Taaak, tylko tu o grzybach miało być a nie o borówkach.
Byłem dzisiaj w ogrodniczym i oglądałem taki balot słomiany zaszczepiony grzybnią boczniaka i tak się nad nim zastanawiam.
Chcieli 27 złociszy za to cudo, warto?
Wystarczył jeden dzień z niską temperaturą i deszczem (była to niedziela 06 maja 2012) i już od czwartku zaczęły wychodzić spod ziemi kępki King Oyster. Dam im jeszcze kilka dni na podrośnięcie, około środy, czwartku przewiduję grzybobranie.
Jareczku, wybacz, że dopiero teraz Ci odpowiadam.
Gotowych bloczków nie miałam, ale myślę, że to fajna zabawa, bo Ci całe zarosną. No i grzybnię możesz rozmnożyć.
„Wpatrz się głęboko, głęboko w przyrodę, a wtedy wszystko lepiej zrozumiesz.” Albert Einstein
Pozdrawiam, Joasia
A u mnie w ogrodzie pojawiło się w dużych ilościach ucho bzowe. Samo się posiało, co najgorsze - rośnie nad zakopanym nalotem boczniaka ostrygowatego (a może to lepiej). Może mi ktoś odpowie - który silniejszy? Który wygra starcie? No i dodatkowe pytanie - czy konsumował ktoś ucho bzowe? Drugie pytanie, trudniejsze - czy właściwie rozpoznałem grzyba?
Zauważyłem je dopiero wczoraj, są małe, mają średnicę 1-2 cm teraz.
Ale jadłem kiedyś chińskie suszone grzyby Mun. Przed przyrządzeniem należało to namoczyć w wodzie, a potem pokroić w paseczki i dodać albo do chińskich dań, albo do makaronu, albo do sałatki.
Ucho bzowe jest jadalne (przetestowane ) i można przyrządzać dokładnie tak samo jak grzyby mun.
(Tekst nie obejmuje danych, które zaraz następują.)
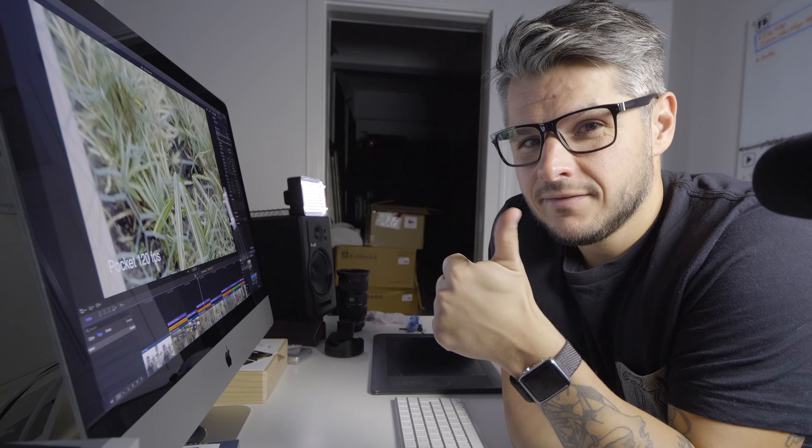If you have any questions, please feel free to leave them in the comments. Subscribe to my channel for more videos like this, and until the next time — bye bye!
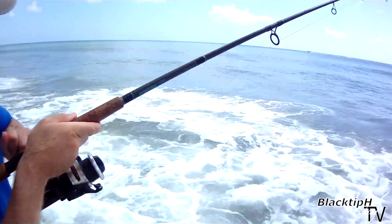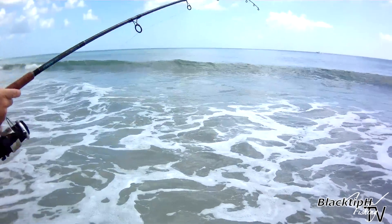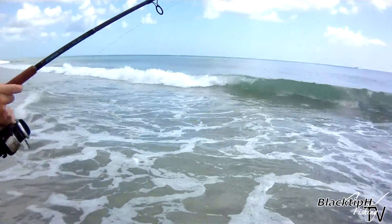So what you got on here? Say again? What you got on? I think it's a snook. You think you got a snook? What did you use for bait? A mullet that you snagged. So we got a live mullet, and we got something on here. We think it's a snook.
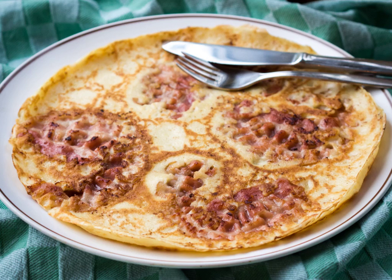Plain ones are often eaten with treacle syrup made of sugar beets, apple stroop — an unspiced Dutch variety of apple butter — or sugar, and are sometimes rolled up to be eaten by hand or with cutlery.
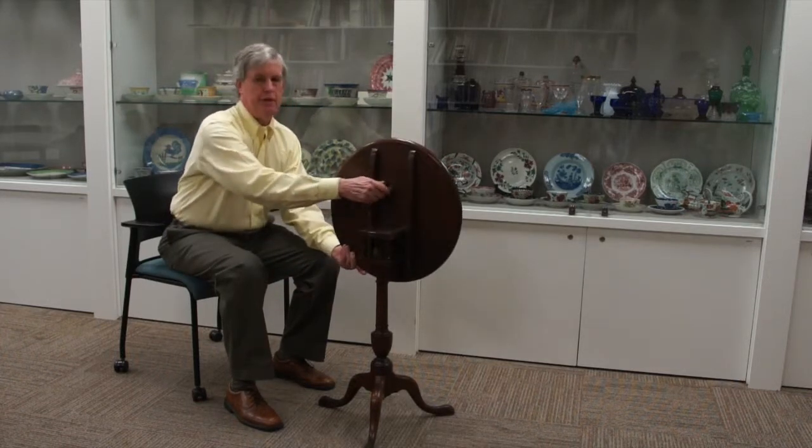We're here at the Phillips Museum looking at a piece of furniture from the collection. I have in front of us a table which in the 18th century, when it was made, was called a tilt-top stand — for the obvious reason that the top tilts up.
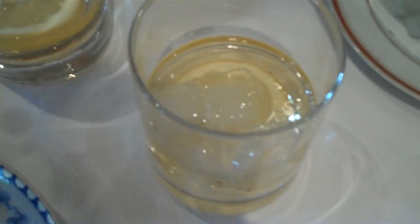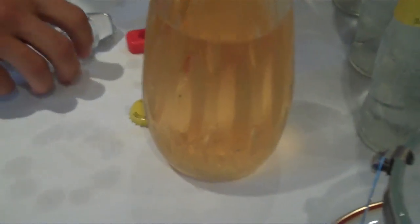This is all what you need for white port tonic, or tonic port: lemon, ice, and white port. And tonic water. It's also good with a little leaf of mint.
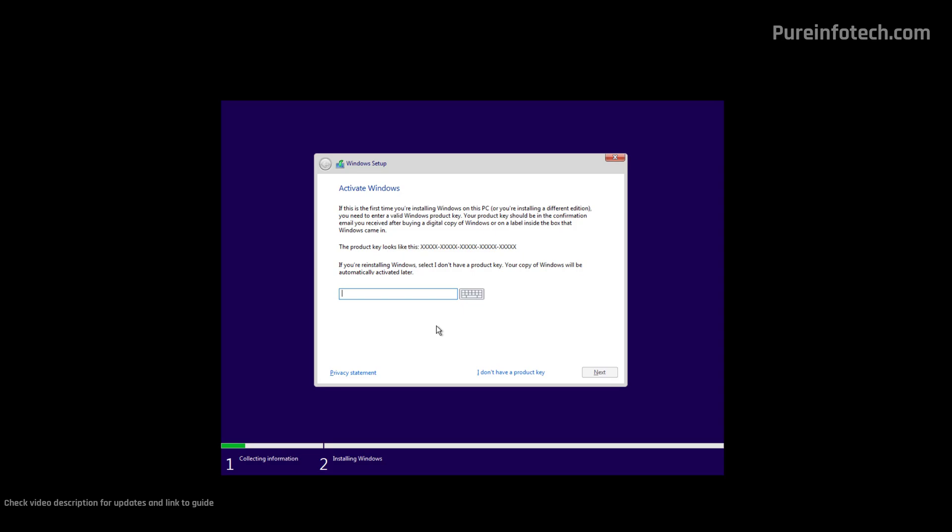On this page, we're going to click the "I don't have a product key" option to continue. If you had an installation of Windows 10 or 11 already on the computer, this installation is going to activate automatically once it connects to the internet. If this is the first time you're installing Windows 10, you will need to provide a product key — you can do that after the installation or right here. To continue, click the "I don't have a product key" option.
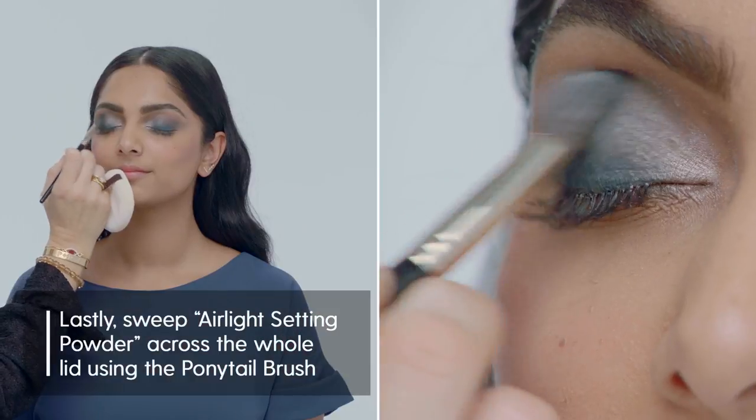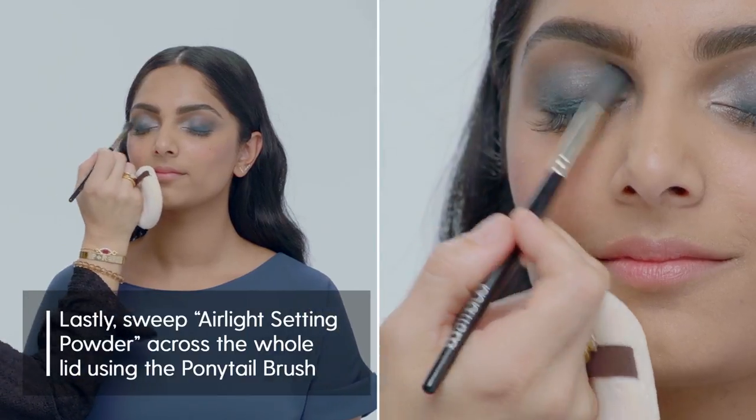The setting powder is dusted over the whole lid. It doesn't change the texture — it just helps hold the shadow.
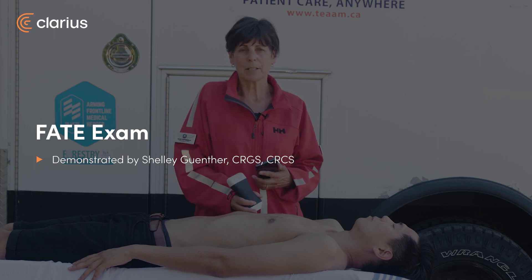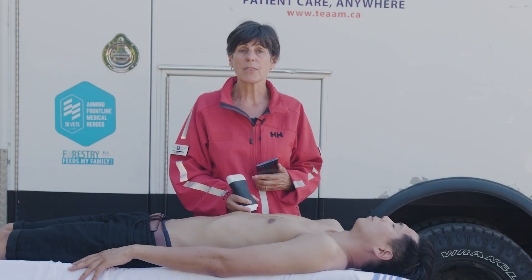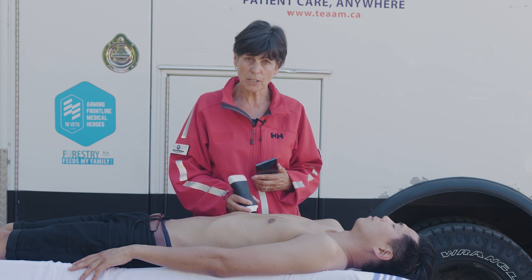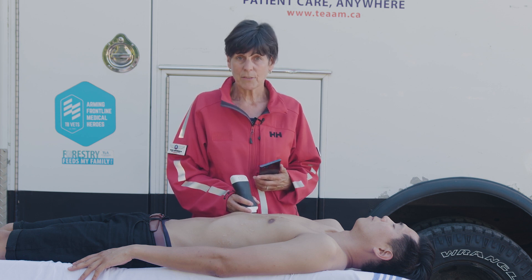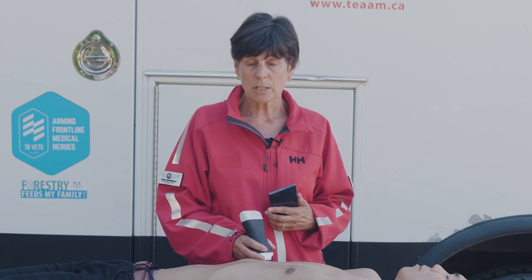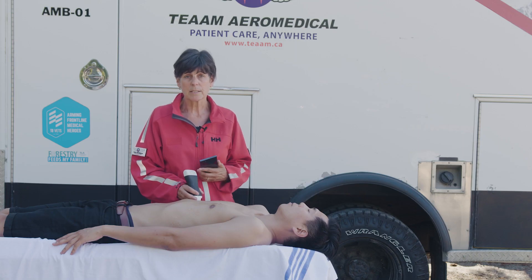Hi, my name is Shelley and today I'm going to show you how to perform a FATE ultrasound exam. FATE stands for Focus Assessed Thoracic Echo. The FATE exam is used to assess cardiac function including contractility, left ventricular hypertrophy, right and left ventricular function. We can also assess valvular function or dysfunction and look for pericardial and pleural effusion, and obviously tamponade.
Można go też tak samo zasuszyć - też przetestowane
A swoją drogą nie wiedziałam, że ono rośnie też na innym podłożu niż drzewo bzu, Loginal - pochwal się jak podrosną, bo strasznie jestem tych uszu ciekawa
Pochwalę się że UCHO BZOWE u mnie się zalęgło na trocinach bukowych, może nie samych trocinach bo na balocie z boczniakiem ostrygowatym. Położyłem go w ogrodzie pod brzozą i przysypałem kompostem, kompost zaś z wodorostów morskich. Być może że stamtąd właśnie dostały się zarodniki. 2 tyg. temu miałem wysyp boczniaka ostrygowatego, ciemny, twardy, zupełnie inny niż hodowlany. Codziennie polewam to miejsce wodą. Za kilka dni pochwalę się zdjęciami wyrośniętych sztuk. Zapowiada się tego mnóstwo. Naliczyłem dziś ok. 30 egzemplarzy po 1-2 cm. Ciekawy jestem czy jeszcze wyrośnie boczniak, czy już przegrał walkę na korzyść ucha bzowego? Sam nie wiem co lepsze. A może będą koegzystować.